On Feb 3, 2009, at 9:46 AM, Jeanfrancois Arcand wrote:
> Salut,
>
> Igor Minar wrote:
>> On Feb 3, 2009, at 8:44 AM, Jeanfrancois Arcand wrote:
>>> Salut,
>>>
>>> hijacking the thread.
>>>
>>> Igor Minar wrote:
>>>> I had a brief discussion with colleagues about thread-count
>>>> setting in glassfish.
>>>> I understand that this is the max number of worker threads that
>>>> grizzly can use, but what surprised me was that I believed that
>>>> this wasn't the max number of concurrent connections that grizzly
>>>> can process (concurrently send responses to). I know that the
>>>> synchronous nature of JavaEE doesn't allow grizzly to do much
>>>> magic, but I expected that grizzly could break the one thread per
>>>> request paradigm for static resources.

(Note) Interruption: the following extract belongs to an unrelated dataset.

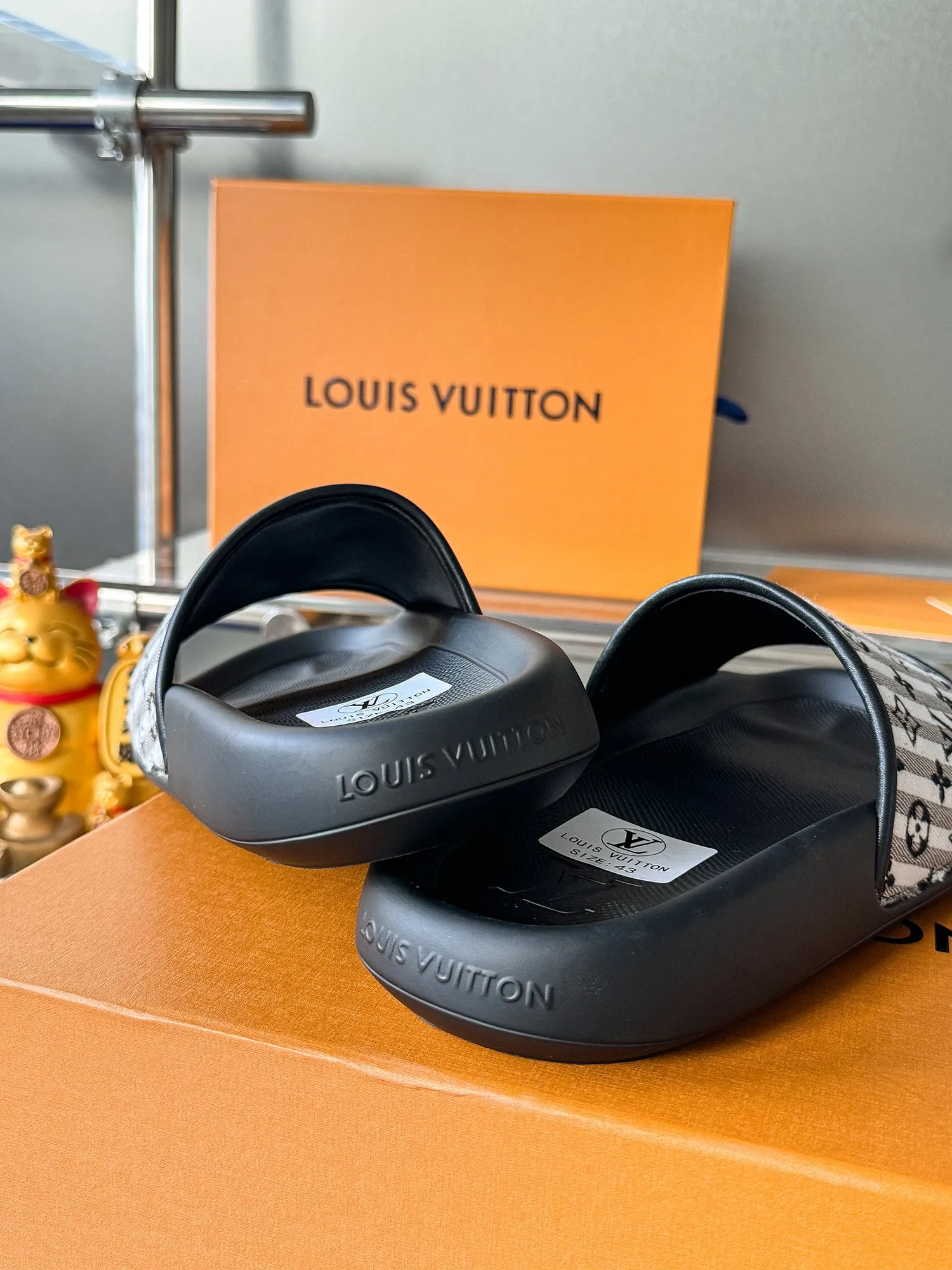 [L Home] P: 300💰 ▪️Shoe size: Women's 35-40 Men's 38-46▪️Packaging: Counter top quality~original packaging Louis Vuitton lv couple's monogram embossed slippers This season, Waterfront sandals return with a new look, and the upper buckle is embossed with Louis Vuitton's iconic Monogram pattern. Made of waterproof rubber with a comfortable and resilient insole. The lightweight, flexible outsole is embossed with the Louis Vuitton logo. Exquisitely packaged at the delivery counter 🛍📦 ▪️Fabric: Original molded rubber foam ▪️Sole: Original molded rubber foam outsole ▪️Sole thickness: 3CM.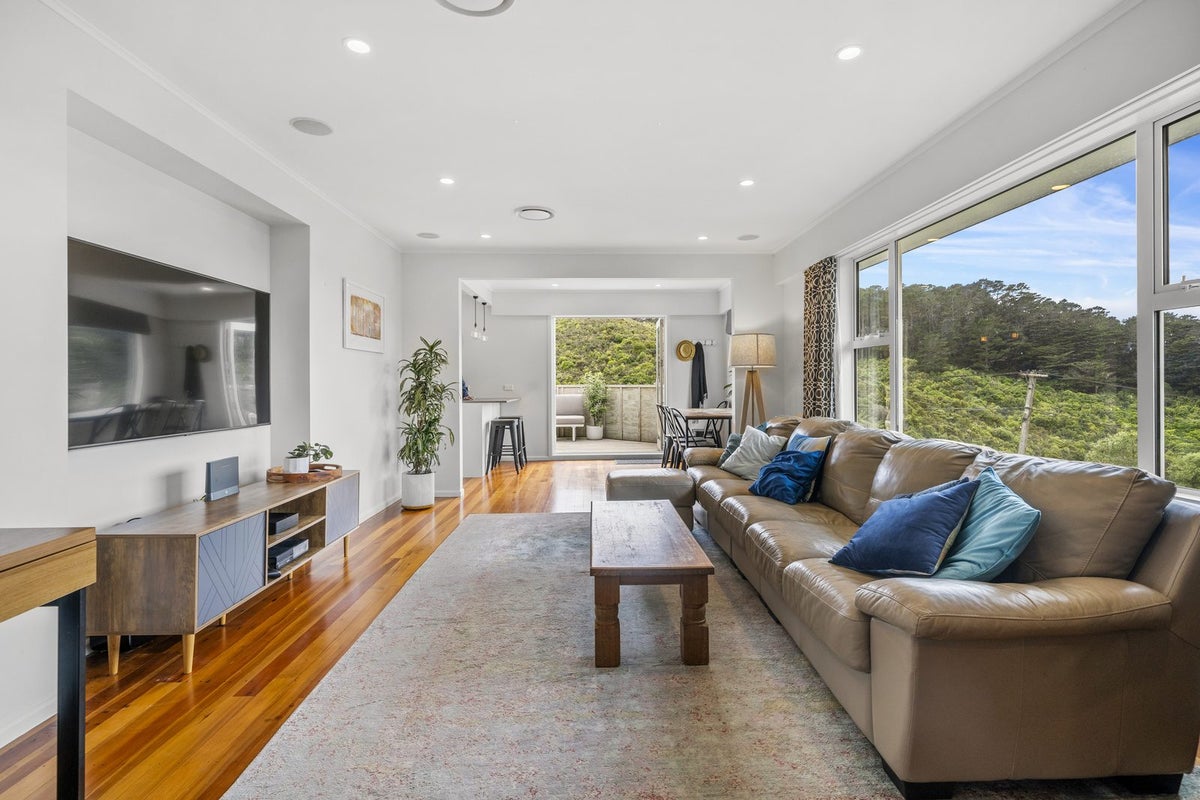 117 Makara Road, Karori, Wellington - Carousel 2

>>>> Unfortunately a simple tests with grizzly-v3-prelude and thread-
>>>> count 5 shows that this is not true:
>>>> wget --tries=1 --limit-rate=100 http://localhost:8080/foo.txt -
>>>> >> starts the download
>>>> wget --tries=1 --limit-rate=100 http://localhost:8080/foo.txt -
>>>> >> starts the download
>>>> wget --tries=1 --limit-rate=100 http://localhost:8080/foo.txt -
>>>> >> starts the download
>>>> wget --tries=1 --limit-rate=100 http://localhost:8080/foo.txt -
>>>> >> starts the download
>>>> wget --tries=1 --limit-rate=100 http://localhost:8080/foo.txt -
>>>> >> starts the download
>>>> wget --tries=1 --limit-rate=100 http://localhost:8080/foo.txt -
>>>> >> times out!!
>>>
>>> This is a bug. The client should not times out and the request
>>> must eventually be serviced. Can you file an issue here:
>>>
>>> https://glassfish.dev.java.net/servlets/ProjectIssues
>> I this case the timeout was triggered by client (wget) after 30sec
>> (default), so I don't think that this is bug in grizzly. The
>> request was put into the queue by grizzly because of its one-thread-
>> per-request mode. if the client waited until one of the first 5
>> request finished, it would have been served.
>
> But all requests must be serviced one by one and should not hold a
> thread. So there is a problem with the keep-alive mechanism IMO. I
> will take a look as soon as I can.
I think that one important detail is not clear from my wget commands,
I should have included & at the end or the --background switch. all
the wget commands above were executed concurrently when the timeout
occurred for one of them.
Do you still think that the timeout is a bug?